My Journey Understanding an Inherited PostgreSQL System
Why Your Database Ignores Indexes: A Journey Through Planner Mysteries and Design Choices
The Puzzle That Started It All
In a recent project I worked on, I was puzzled by what seemed like an inconsistent indexing situation. This inconsistency bothered me, so I decided to dig deeper. What I discovered taught me that "wrong" isn’t always wrong. It is often about trade-offs I hadn’t considered.
The Starting Point: A Confusing Primary Key
The first thing that caught my attention was the primary key design:
CREATE TABLE locations (
location_id TEXT NOT NULL, -- e.g., 'A01020304' (hierarchical location code)
warehouse_id TEXT NOT NULL, -- e.g., '25'
-- ... other columns
CONSTRAINT pk_locations_location_id_warehouse_id
PRIMARY KEY (location_id, warehouse_id)
);
This struck me as backwards. In most multi-tenant systems I've worked with, you'd cluster by warehouse_id first for tenant isolation. But here, location_id comes first. I wondered if this was a mistake or if there was reasoning I wasn't seeing.
Understanding the Location ID Structure
As I dug deeper, I discovered that these location IDs weren't just random strings. They followed a specific hierarchical structure that was key to understanding the whole system. Each warehouse had thousands (sometimes millions) of storage locations, and every location was encoded into a structured string ID.
For example, a location ID like A01020304 breaks down as:
Aisle:
A01(an uppercase letter + 2 digits)Bay:
02(2 digits)Level:
03(2 digits)Position:
04(2 digits)
When someone searches for A01%, they're looking for all locations in aisle A01 across any warehouse. When they search for H1%, they want all locations in aisles starting with H1. This spatial organization is crucial for warehouse operations. workers need to find adjacent locations, analyze storage density by aisle, or audit entire sections of the warehouse.

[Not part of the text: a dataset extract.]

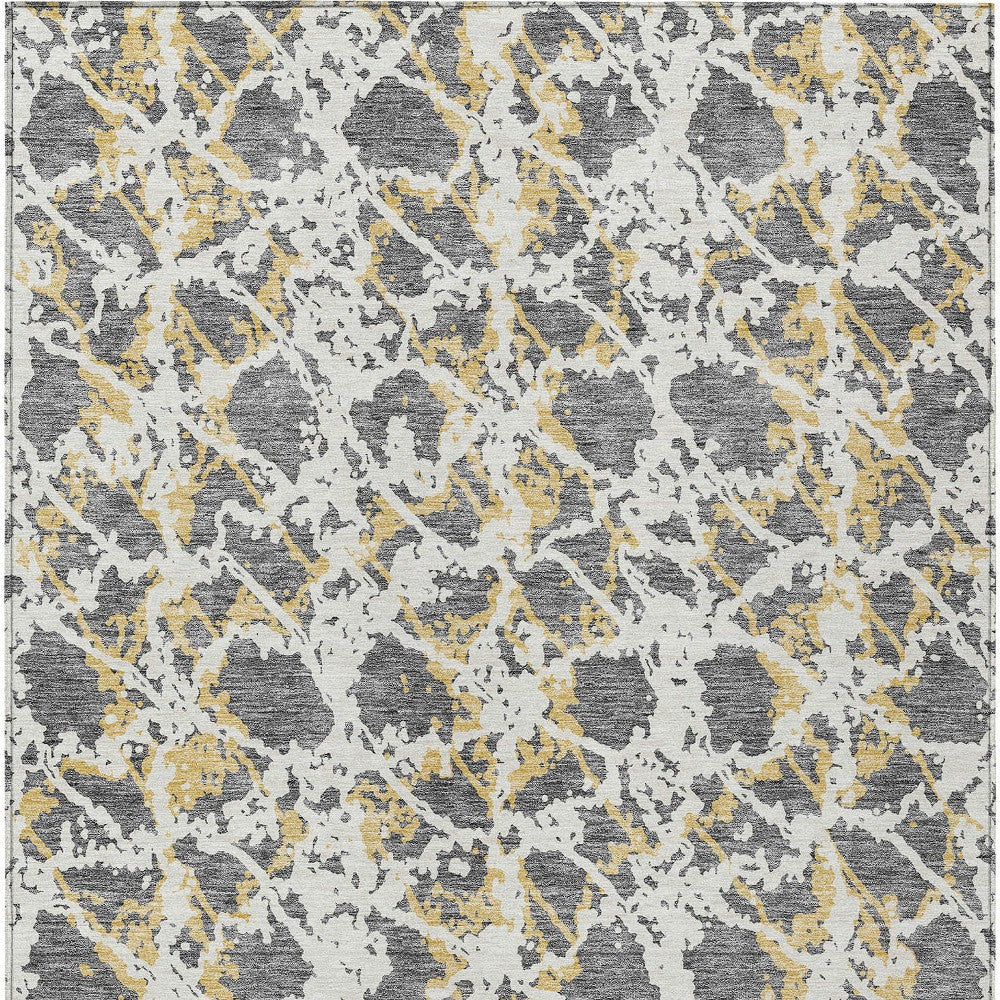 9' X 12' Gray And Ivory Abstract Washable Indoor Outdoor Area Rug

My First Breakthrough: The Migration History
Curious about the primary key design, I dug through the database migration history. What I found surprised me:
Original Design (October 2023)
PRIMARY KEY (warehouse_id, location_id) -- Warehouse firstChanged to (February 2025)
PRIMARY KEY (location_id, warehouse_id) -- Location firstSo it wasn't a mistake! The previous team had deliberately switched the primary key ordering. This made me even more curious. What drove that decision? And more importantly, I started noticing something concerning in my testing: PostgreSQL kept avoiding this index, even when it seemed like it would be faster.

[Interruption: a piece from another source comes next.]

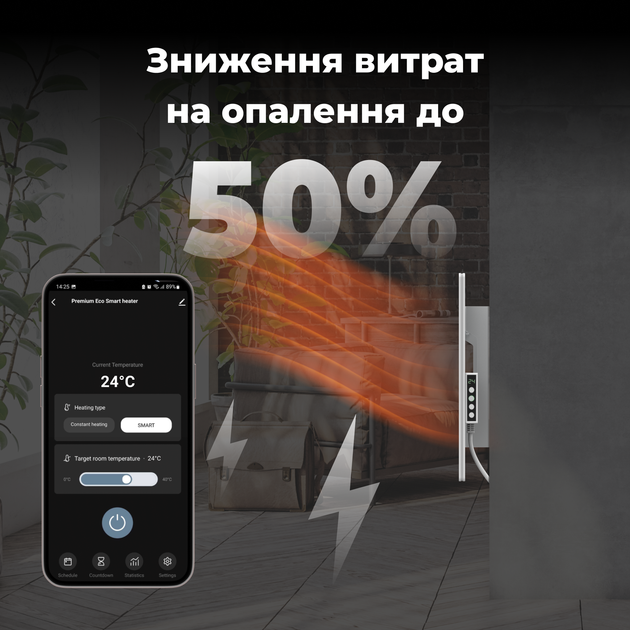 Конвектор AENO Premium Eco Smart GH3S LED White (AGH0003S) - изображение 9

My Testing Adventure: When the Planner Surprised Me
This is where my investigation got really interesting. I decided to systematically test different query patterns to understand when PostgreSQL was making good choices versus poor ones. What I found challenged everything I thought I knew about query optimization.
Test 1: Location Pattern Query
EXPLAIN (ANALYZE, BUFFERS, FORMAT TEXT)
SELECT location_id, warehouse_id
FROM locations
WHERE location_id LIKE 'H1%';
Result: 477ms with parallel sequential scan for 92,689 rows (~4% of table)
PostgreSQL chose sequential scan, which makes sense for large result sets.
Test 2: Warehouse-Specific Query
EXPLAIN (ANALYZE, BUFFERS, FORMAT TEXT)
SELECT location_id, warehouse_id
FROM locations
WHERE warehouse_id = '25';
Natural planner choice: 567ms (sequential scan) Forced index usage: 282ms (50% faster!)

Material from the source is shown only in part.